In 2012, in the aftermath of the failed forestry sell off and in the wake of the Independent Panel on Forestry’s report, a number of organisations came together to discuss alternative approaches to the management of our woods and forests.
There was already a well established sector of community woodlands and voluntary groups involved in woodland management across the UK. There were also some examples of social enterprises managing significant-sized woodlands, particularly in Scotland where community buyouts meant communities in the Highlands and Islands already had ownership and control over their local woodlands and a focus on sustainable local economic regeneration.
Could these approaches provide new models for managing our woodlands in ways that created livelihoods, improved their quality, and produced useful resources such as woodfuel?
That 2012 meeting led to the establishment of the Woodland Social Enterprise Network and, over time, the development of a proposal for a project to support the development of social enterprise in woodlands.
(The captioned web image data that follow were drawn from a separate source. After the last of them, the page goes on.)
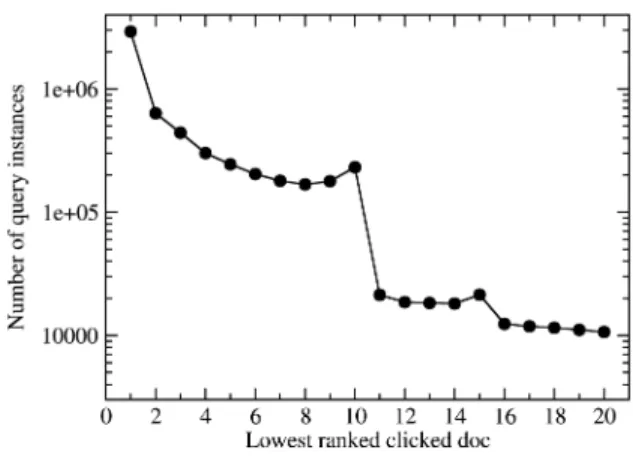 FIG. 1. The log graph shows the number of query instances, of which the last click is at a given rank (for training log).
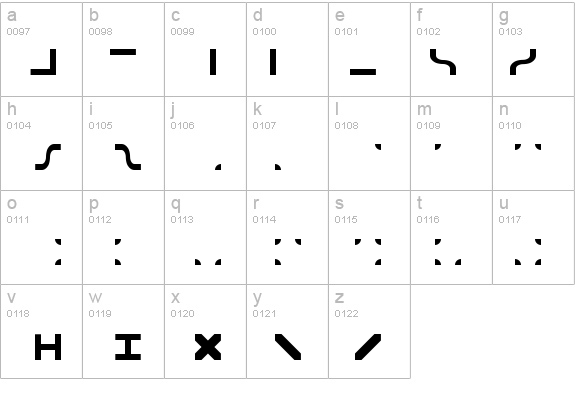 Bit Blocks TTF BRK details - Free Fonts at FontZone.net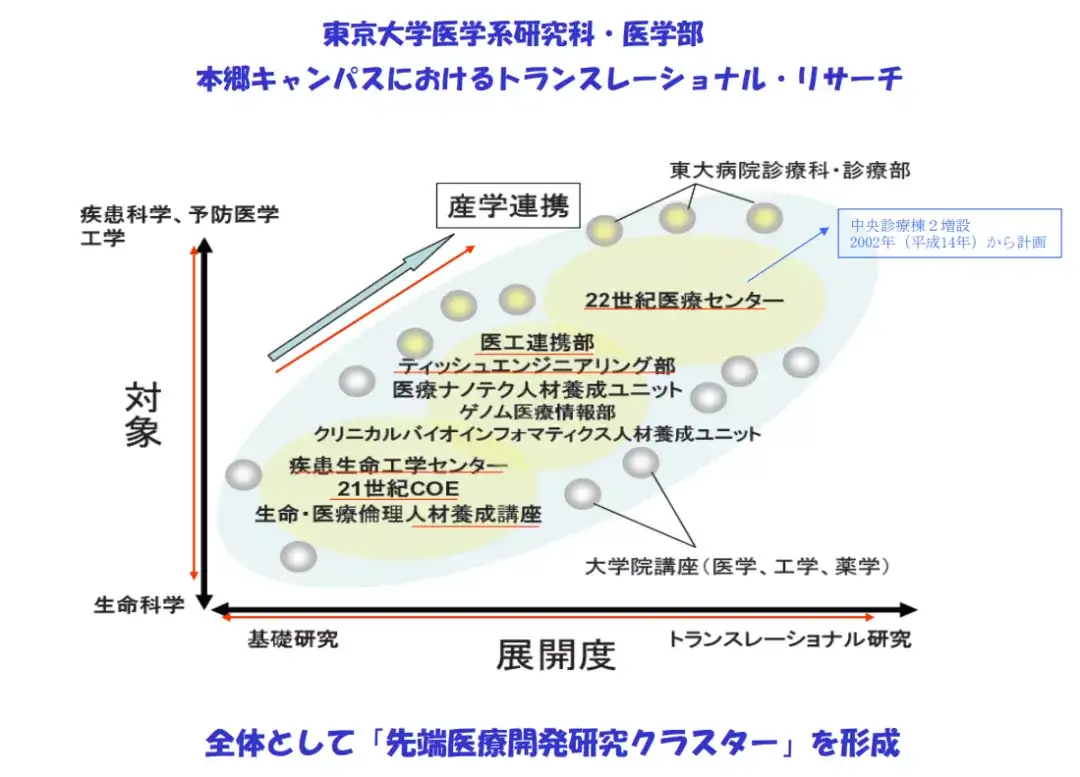 初回限定】 造粒・打錠プロセスにおける適正操作とトラブル対策 出動地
In 2015, funding was secured from Big Lottery to deliver Making Local Woods Work, a pilot programme to provide technical assistance, training and peer networking opportunities for woodland-based social enterprises across the UK.
The programme, which runs until Autumn 2018, is providing support to 50 woodland social enterprises right across the UK, each of which embed woodlands or woodland products into their core activity whether that is the production of woodfuel and timber, or delivering educational or health and well-being activities in a woodland setting. It provides technical advice on woodland management and finance, support in developing business plans, choosing legal structures and strengthening governance, and advice on leases, tenure, and a wide range of other issues. It also provides training, webinars and peer networking opportunities, many of which are available to the wider network of woodlands social enterprises as well as those who are part of the formal support programme.